(Beginning of Information given)

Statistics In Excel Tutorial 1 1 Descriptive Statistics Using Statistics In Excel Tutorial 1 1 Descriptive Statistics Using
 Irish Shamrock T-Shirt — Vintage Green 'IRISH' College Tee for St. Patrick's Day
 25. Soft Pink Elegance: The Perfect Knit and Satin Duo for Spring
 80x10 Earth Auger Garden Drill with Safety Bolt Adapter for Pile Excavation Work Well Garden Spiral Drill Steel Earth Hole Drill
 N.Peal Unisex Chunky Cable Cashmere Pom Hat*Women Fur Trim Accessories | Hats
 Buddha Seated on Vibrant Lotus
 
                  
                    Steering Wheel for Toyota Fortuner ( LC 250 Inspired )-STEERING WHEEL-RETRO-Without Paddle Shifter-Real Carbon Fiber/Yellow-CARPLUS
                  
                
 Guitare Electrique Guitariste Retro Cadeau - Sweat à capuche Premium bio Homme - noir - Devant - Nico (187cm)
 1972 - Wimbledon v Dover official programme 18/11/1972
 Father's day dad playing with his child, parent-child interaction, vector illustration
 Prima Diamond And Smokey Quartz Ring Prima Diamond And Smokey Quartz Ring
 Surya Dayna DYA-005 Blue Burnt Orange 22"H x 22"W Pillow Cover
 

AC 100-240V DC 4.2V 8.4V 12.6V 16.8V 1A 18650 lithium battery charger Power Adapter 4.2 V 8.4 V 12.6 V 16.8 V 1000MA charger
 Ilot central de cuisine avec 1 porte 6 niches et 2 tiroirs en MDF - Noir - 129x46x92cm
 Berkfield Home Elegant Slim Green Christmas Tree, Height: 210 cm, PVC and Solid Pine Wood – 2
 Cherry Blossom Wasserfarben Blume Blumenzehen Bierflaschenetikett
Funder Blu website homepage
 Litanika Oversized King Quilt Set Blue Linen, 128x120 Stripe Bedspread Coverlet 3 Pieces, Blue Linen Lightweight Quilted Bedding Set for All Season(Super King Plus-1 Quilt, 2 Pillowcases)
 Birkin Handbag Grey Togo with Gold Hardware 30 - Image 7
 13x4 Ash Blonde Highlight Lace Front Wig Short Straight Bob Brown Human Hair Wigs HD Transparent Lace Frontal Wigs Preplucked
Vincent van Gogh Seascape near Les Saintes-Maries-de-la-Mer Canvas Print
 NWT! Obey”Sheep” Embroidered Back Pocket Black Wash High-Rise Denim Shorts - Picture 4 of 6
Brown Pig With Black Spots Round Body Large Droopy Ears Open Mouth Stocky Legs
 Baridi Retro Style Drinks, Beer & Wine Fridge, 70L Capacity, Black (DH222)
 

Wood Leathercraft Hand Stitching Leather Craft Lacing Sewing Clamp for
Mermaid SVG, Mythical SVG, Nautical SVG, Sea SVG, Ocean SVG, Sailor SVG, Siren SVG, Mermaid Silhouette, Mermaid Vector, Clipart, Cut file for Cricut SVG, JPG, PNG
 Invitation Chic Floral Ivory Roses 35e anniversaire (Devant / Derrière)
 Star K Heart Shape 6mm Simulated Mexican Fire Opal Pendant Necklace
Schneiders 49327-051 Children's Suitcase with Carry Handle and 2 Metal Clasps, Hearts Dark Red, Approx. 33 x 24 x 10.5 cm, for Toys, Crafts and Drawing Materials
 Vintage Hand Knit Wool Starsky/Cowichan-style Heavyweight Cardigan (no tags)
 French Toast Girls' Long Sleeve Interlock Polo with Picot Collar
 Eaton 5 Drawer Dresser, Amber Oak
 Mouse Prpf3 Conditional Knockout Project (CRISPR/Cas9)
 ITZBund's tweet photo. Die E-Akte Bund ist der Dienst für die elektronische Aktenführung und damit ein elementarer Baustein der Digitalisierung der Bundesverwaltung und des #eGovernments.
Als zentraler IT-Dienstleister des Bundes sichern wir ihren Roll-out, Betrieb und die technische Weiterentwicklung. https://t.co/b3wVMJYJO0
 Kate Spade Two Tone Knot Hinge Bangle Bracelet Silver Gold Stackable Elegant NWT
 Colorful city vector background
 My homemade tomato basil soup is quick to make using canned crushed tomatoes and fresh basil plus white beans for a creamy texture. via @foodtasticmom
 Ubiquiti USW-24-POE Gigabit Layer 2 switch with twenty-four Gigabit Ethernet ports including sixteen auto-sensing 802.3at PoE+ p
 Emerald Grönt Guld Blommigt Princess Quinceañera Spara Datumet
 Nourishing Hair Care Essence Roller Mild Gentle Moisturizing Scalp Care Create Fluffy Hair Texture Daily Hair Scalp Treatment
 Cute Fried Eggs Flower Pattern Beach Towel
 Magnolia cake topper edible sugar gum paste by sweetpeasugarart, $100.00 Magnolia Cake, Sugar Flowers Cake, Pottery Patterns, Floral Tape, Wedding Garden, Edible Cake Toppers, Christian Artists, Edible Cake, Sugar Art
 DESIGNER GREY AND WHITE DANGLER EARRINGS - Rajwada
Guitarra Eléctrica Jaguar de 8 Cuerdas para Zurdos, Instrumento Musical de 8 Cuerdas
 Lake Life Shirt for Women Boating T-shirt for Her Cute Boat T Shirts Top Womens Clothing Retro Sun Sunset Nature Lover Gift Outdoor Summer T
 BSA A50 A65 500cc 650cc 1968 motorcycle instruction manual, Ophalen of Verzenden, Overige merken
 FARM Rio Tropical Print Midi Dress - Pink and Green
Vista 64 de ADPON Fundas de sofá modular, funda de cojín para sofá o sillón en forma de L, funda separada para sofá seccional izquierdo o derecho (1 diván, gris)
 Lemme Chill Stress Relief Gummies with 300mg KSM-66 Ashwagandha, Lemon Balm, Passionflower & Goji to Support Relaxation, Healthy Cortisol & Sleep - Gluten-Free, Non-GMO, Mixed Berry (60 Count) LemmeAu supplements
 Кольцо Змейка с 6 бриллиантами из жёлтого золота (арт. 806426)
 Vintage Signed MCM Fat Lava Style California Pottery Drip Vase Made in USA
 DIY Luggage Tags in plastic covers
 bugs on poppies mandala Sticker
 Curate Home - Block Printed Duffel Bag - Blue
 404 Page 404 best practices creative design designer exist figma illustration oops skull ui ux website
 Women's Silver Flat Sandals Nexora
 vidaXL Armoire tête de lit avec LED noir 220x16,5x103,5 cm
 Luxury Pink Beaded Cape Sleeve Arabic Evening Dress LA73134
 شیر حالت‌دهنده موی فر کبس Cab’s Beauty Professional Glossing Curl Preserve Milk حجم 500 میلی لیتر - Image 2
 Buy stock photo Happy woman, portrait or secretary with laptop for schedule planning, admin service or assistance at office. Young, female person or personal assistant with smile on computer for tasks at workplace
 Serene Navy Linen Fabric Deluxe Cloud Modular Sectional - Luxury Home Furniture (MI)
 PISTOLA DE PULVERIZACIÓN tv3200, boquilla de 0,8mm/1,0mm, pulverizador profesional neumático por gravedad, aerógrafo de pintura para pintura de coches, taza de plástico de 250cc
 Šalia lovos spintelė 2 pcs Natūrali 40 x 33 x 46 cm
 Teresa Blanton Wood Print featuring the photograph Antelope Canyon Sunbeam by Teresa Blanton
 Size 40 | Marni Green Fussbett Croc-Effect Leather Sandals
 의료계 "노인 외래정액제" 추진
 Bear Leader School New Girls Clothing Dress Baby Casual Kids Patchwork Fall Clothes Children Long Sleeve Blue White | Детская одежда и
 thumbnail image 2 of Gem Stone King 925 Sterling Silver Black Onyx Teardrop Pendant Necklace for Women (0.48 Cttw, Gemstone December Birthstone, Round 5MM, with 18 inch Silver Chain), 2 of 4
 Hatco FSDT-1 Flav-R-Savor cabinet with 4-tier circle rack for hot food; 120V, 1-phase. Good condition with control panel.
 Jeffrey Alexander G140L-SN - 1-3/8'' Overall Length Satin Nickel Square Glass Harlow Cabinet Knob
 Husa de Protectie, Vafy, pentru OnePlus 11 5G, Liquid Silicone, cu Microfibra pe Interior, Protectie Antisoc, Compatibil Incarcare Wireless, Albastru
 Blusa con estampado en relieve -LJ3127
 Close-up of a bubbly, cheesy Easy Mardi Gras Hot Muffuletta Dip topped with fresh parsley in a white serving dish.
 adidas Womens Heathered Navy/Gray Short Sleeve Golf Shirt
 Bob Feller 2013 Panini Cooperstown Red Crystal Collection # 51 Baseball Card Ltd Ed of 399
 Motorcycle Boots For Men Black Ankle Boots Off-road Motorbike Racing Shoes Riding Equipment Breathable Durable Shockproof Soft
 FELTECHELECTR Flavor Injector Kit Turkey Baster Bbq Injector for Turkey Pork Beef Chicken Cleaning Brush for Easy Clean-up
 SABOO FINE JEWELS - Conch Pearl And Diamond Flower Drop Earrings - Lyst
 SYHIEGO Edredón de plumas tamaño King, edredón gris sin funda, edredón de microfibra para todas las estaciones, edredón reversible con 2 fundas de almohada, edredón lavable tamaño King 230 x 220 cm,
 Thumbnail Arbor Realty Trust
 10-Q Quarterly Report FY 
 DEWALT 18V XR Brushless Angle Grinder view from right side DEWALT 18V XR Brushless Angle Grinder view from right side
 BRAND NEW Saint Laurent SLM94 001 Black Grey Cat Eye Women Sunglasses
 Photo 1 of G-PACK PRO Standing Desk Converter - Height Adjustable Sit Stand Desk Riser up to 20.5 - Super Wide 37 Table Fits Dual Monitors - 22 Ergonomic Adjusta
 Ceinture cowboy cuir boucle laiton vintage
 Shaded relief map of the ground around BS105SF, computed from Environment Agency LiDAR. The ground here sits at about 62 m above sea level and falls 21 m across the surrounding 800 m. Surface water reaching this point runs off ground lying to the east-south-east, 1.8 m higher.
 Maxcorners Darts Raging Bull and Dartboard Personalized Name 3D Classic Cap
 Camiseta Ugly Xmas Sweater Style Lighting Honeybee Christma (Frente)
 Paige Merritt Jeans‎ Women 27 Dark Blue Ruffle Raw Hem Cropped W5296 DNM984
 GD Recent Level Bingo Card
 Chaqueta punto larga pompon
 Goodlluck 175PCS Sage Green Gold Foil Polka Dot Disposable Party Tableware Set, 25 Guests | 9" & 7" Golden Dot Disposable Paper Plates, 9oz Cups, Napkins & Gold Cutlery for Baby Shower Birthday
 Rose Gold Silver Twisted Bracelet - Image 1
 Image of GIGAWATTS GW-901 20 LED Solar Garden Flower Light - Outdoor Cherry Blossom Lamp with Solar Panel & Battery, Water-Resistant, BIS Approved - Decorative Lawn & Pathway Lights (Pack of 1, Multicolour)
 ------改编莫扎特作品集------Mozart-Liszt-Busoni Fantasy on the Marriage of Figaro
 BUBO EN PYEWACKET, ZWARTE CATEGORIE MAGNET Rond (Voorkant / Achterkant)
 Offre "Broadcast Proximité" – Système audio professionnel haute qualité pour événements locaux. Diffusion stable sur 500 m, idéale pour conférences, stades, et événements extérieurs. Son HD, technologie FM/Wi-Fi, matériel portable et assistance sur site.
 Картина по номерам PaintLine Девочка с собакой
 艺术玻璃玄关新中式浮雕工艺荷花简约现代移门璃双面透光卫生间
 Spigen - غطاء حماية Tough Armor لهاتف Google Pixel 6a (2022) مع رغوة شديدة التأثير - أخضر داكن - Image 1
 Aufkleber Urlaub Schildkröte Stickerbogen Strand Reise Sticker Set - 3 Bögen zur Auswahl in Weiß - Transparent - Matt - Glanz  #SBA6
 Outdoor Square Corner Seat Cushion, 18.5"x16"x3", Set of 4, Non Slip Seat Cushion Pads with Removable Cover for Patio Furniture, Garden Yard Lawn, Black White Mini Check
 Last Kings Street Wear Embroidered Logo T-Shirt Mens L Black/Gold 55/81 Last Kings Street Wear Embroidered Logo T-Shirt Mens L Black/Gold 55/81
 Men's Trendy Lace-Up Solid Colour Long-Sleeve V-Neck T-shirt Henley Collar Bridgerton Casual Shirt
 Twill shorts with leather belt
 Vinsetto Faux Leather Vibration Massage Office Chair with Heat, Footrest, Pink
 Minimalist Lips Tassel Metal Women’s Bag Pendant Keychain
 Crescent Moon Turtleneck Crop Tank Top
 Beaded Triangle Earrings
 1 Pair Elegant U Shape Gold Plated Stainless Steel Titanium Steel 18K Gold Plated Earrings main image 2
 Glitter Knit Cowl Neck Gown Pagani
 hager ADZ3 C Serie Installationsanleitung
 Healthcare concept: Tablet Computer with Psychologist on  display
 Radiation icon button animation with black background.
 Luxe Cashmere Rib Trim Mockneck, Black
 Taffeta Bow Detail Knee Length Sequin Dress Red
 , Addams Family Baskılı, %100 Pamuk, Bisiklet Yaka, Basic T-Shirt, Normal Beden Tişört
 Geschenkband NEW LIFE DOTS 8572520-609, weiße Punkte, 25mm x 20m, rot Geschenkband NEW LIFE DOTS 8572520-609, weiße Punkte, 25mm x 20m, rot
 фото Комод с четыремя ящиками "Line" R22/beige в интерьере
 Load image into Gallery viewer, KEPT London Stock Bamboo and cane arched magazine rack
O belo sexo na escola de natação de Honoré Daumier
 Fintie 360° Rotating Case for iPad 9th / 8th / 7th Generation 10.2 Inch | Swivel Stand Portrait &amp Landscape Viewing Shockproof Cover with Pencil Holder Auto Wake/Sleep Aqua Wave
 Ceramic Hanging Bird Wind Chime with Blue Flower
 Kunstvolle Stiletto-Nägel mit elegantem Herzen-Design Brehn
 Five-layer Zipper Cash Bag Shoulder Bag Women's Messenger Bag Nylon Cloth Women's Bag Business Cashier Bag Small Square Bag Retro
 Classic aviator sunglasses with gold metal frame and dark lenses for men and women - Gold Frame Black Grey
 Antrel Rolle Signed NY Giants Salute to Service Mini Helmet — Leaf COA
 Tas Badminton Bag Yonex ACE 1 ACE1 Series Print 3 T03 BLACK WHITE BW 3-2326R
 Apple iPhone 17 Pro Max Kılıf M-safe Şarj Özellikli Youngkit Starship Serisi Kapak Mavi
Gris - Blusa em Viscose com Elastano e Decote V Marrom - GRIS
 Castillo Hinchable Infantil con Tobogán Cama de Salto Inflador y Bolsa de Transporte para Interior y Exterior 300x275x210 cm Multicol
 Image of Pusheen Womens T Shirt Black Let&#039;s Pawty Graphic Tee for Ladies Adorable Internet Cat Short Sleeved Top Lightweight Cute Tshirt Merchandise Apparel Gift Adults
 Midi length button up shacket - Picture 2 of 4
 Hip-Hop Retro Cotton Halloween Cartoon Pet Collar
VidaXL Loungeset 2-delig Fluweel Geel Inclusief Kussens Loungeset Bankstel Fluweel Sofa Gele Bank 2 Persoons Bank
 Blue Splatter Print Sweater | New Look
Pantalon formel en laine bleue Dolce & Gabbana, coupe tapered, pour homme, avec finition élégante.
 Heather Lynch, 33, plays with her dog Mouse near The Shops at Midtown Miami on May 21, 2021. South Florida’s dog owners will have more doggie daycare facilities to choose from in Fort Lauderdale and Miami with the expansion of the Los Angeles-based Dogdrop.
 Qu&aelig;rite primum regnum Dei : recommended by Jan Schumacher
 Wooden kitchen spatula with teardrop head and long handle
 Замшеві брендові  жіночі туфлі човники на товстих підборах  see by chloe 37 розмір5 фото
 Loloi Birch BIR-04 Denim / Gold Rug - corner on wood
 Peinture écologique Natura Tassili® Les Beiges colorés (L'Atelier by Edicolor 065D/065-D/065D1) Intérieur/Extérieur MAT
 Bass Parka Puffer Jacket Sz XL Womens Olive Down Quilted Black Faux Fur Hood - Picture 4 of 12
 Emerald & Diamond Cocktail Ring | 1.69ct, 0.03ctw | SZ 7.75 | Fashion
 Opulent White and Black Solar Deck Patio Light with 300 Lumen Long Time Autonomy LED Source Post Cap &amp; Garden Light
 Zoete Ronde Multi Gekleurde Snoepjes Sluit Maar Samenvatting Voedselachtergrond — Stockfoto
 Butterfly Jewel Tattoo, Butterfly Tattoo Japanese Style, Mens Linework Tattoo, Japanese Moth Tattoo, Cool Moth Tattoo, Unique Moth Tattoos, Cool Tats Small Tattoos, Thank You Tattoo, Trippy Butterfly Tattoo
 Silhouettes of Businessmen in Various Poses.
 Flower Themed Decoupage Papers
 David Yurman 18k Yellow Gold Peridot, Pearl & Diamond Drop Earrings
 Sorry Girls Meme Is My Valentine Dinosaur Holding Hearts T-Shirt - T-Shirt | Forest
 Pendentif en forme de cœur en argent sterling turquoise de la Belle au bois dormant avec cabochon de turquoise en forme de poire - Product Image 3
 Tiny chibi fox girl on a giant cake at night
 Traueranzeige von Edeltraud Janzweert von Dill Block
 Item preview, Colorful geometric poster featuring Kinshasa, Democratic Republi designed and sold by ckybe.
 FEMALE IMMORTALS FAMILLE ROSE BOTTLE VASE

(End of Information given)

## Exercise aim
Each line from the start of the listing above through the line containing "80x10 Earth Auger" must be reproduced exactly. Leave out the rest.

## Answer section
Statistics In Excel Tutorial 1 1 Descriptive Statistics Using Statistics In Excel Tutorial 1 1 Descriptive Statistics Using
 Irish Shamrock T-Shirt — Vintage Green 'IRISH' College Tee for St. Patrick's Day
 25. Soft Pink Elegance: The Perfect Knit and Satin Duo for Spring
 80x10 Earth Auger Garden Drill with Safety Bolt Adapter for Pile Excavation Work Well Garden Spiral Drill Steel Earth Hole Drill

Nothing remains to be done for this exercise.